━━━ GIVEN MATERIAL ━━━

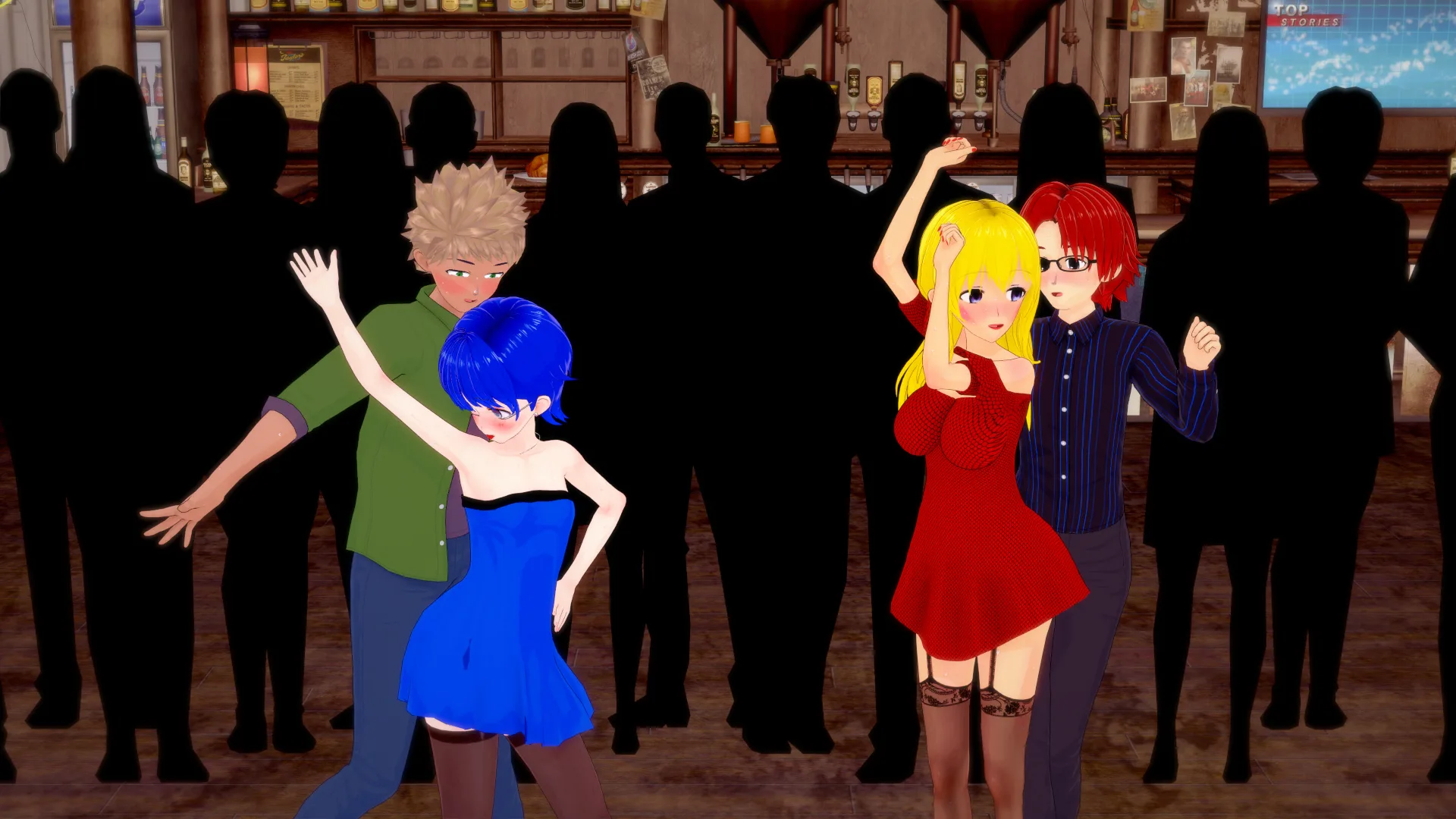 Sharing Is Caring screenshot 6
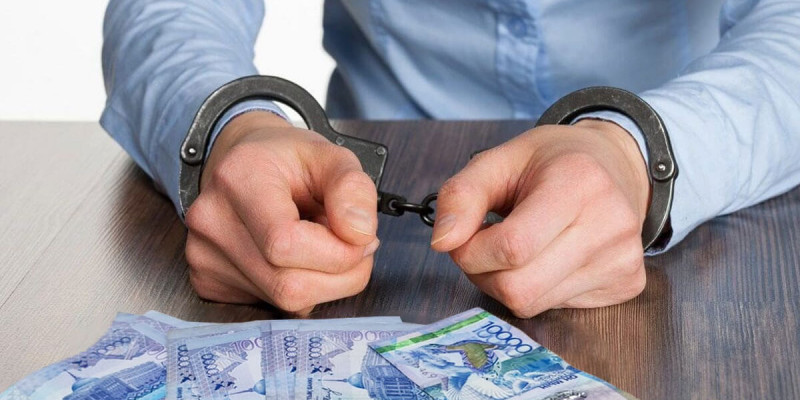 «29,5 млн теңге жымқырған»: Маңғыстауда колледж директоры сотталды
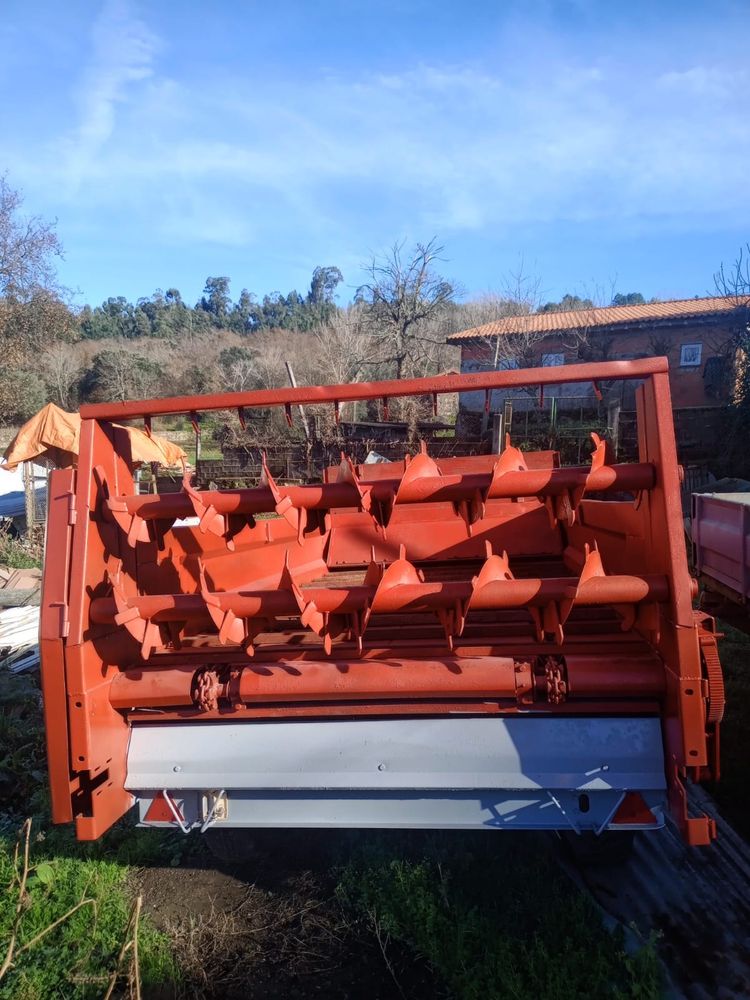 Vendo material agricula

━━━

### DIRECTIONS FOR THIS TASK
The expected answer is the data retyped exactly, without pictures.

### SOLUTION BELOW
 Sharing Is Caring screenshot 6
 «29,5 млн теңге жымқырған»: Маңғыстауда колледж директоры сотталды
 Vendo material agricula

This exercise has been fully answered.